Stigmatisasi tersebut patut ditanggapi karena bila dibiarkan akan menjadi blunder dan simulakra yang akan menjatuhkan kualitas diplomasi dan citra Indonesia di mata internasional. Begitu juga dengan kasus pencarian suaka yang dilakukan oleh warga Papua. Di abad informasi ini, setiap wacana yang berasal dari manapun, bahkan dari rumor sekalipun akan menjadi simulakra yang akan menyulap segala kata menjadi nyata. Walaupun alasan pencarian suaka dianggap tak berdasar, tetapi karena ia telah menjadi bagian dari dunia simulakra, dengan sendirinya ia seakan benar adanya.
Membangun Citra
Walaupun SBY banyak dihadapkan pada agenda dalam negeri yang begitu luar biasa, tetapi tidak ada salahnya apabila juga dilakukan upaya-upaya penguatan diplomasi yang dapat mengubah stigma negatif internasional menjadi citra positif bagi Indonesia. Paling tidak dari citra positif tersebut dapat mendorong pihak luar untuk membantu menyelesaikan persoalan yang melilit dalam negeri, khususunya di bidang investasi dan penguatan kesejahteraan yang belum beranjak bagus.

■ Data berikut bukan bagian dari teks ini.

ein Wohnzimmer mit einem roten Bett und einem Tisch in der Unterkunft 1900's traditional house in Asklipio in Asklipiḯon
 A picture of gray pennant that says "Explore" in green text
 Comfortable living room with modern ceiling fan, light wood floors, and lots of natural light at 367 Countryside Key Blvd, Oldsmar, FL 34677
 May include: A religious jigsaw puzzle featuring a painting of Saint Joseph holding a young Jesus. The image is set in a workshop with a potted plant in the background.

Sebaliknya apabila kasus-kasus kecil yang mempengaruhi politik internasional dibiarkan atau tidak mendapat respon yang maksimal, dikhawatirkan dapat menyurutkan simpati dunia internasional terhadap Indonesia.
Setiap masalah selalu memiliki akar historis. Begitu juga dengan Timor Leste ia mengandung bara persoalan yang mengalir sejak lama, bahkan sebelum bergabung dengan Indonesia. Ketika Portugis dan Belanda berkuasa, wilayah perbatasan Indonesia dan Timor Leste telah menjadi ajang perebutan dan pencurian di antara kedua belah pihak. Ketika Timor Timor bergabung dengan Indonesia hal tersebut tidak terjadi lagi, karena berada dalam satu wilayah. Saat ini, ketika kedua wilayah berada dalam otoritas yang berbeda, maka saling mengambil hasil bumi di antara penduduk kedua wilayah tersebut terjadi lagi. Masalah ini tidak bisa diselesaikan melalui pendekatan keamanan karena sudah menyangkut otoritas antar negara. Kita tidak perlu terpancing untuk menembak warga Timor Leste untuk membalas dendam. Begitu juga menghadapi potensi-potensi separatisme di wilayah lainnya, seperti di Papua, Maluku, atau lainnya. Di sinilah pemerintahan SBY-JK ditantang untuk mengambil langkah-langkah yang lebih bermartabat dengan membangun pendekatan budaya terhadap masyarakat dan terus memproduksi wacana di tingkat internasional tentang langkah-langkah konstruktif yang dilakukan Indonesia terhadap persoalan dalam negeri. Dalam konteks Timor Leste dan wilayah perbatasan lainnya, pemerintah perlu membangun demarkasi yang tegas dan mengembangkan masyarakat Indonesia di wilayah perbatasan secara maksimal, sehingga tidak mudah terprovokasi untuk melakukan tindakan pelanggaran. Indonesia jangan sampai tercemar oleh ulah segelintir orang yang bisa jadi memang sengaja memancing di air keruh. Inilah agenda politik internasional yang harus terus dikembangkan oleh SBY-JK di tengah pertempuran wacana yang diproduksi oleh beragam kepentingan di abad informasi ini. Semoga.